══ Material to process ══

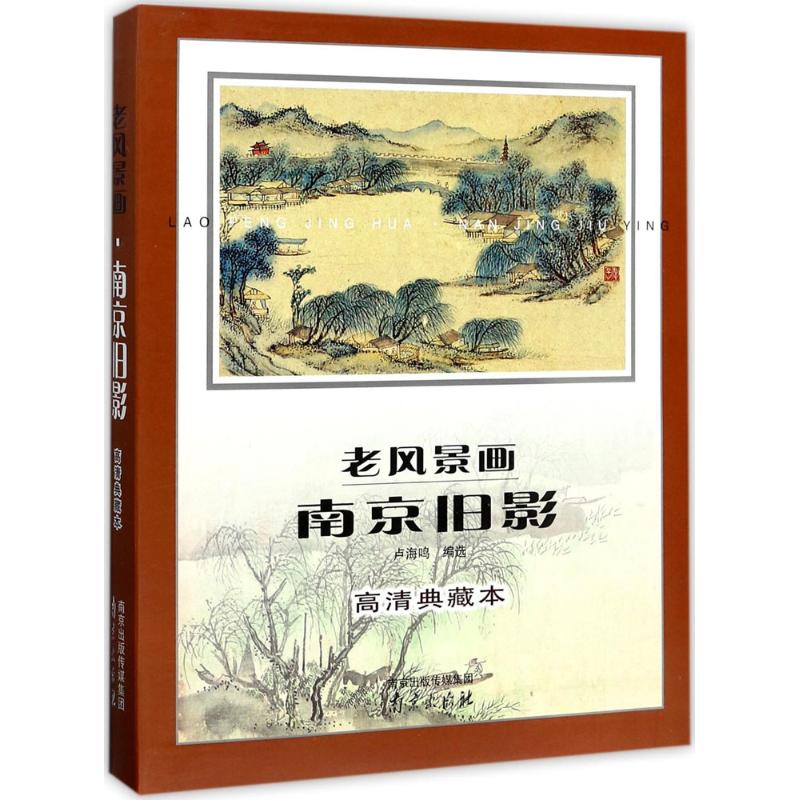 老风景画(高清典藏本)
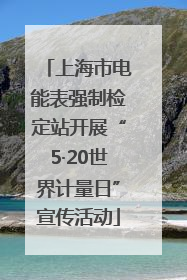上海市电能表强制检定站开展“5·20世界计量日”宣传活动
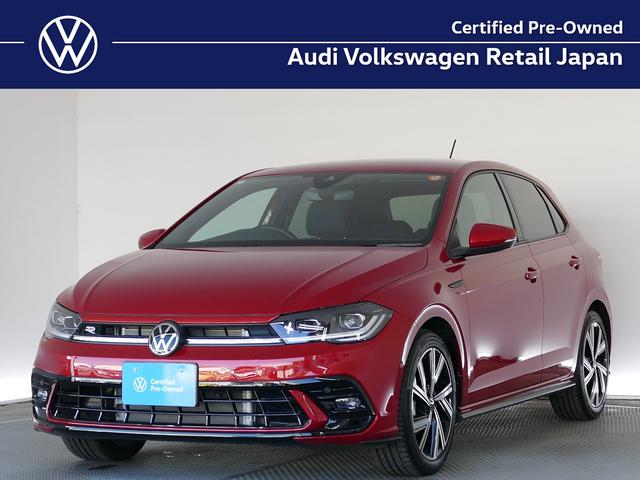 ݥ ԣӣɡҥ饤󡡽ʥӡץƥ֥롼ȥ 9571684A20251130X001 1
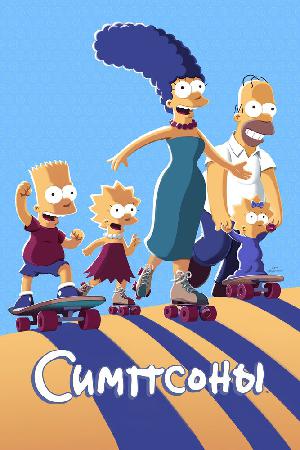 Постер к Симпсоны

═══
══ Material to process ══

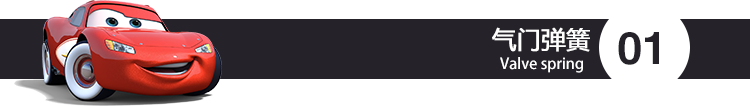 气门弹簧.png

═══
══ Material to process ══

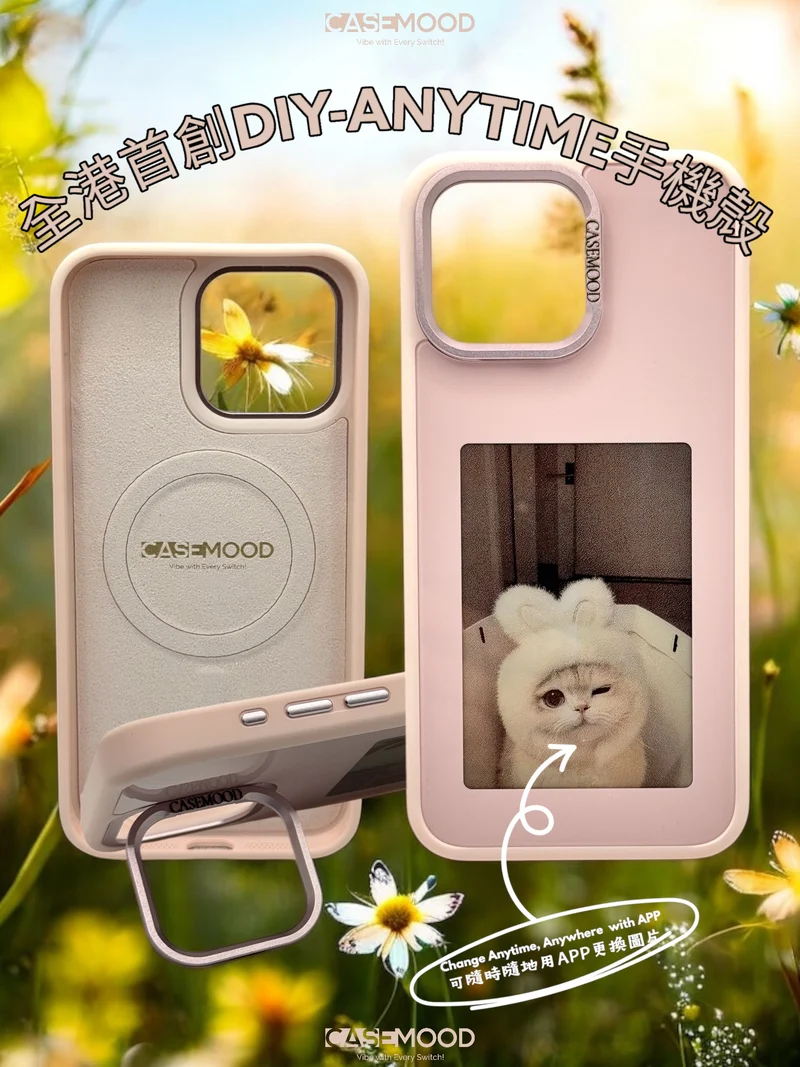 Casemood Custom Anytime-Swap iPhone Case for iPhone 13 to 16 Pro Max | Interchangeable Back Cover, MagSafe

═══

> **Work to complete**: Each line above starting at the one holding "ݥ ԣӣɡҥ饤󡡽ʥӡץƥ֥롼ȥ 9571684A20251130X001 1" and ending at the one holding "Постер к Симпсоны" should be set down exactly as it stands, both ends included, with no pictures.

> **Solution below**:
 ݥ ԣӣɡҥ饤󡡽ʥӡץƥ֥롼ȥ 9571684A20251130X001 1
 Постер к Симпсоны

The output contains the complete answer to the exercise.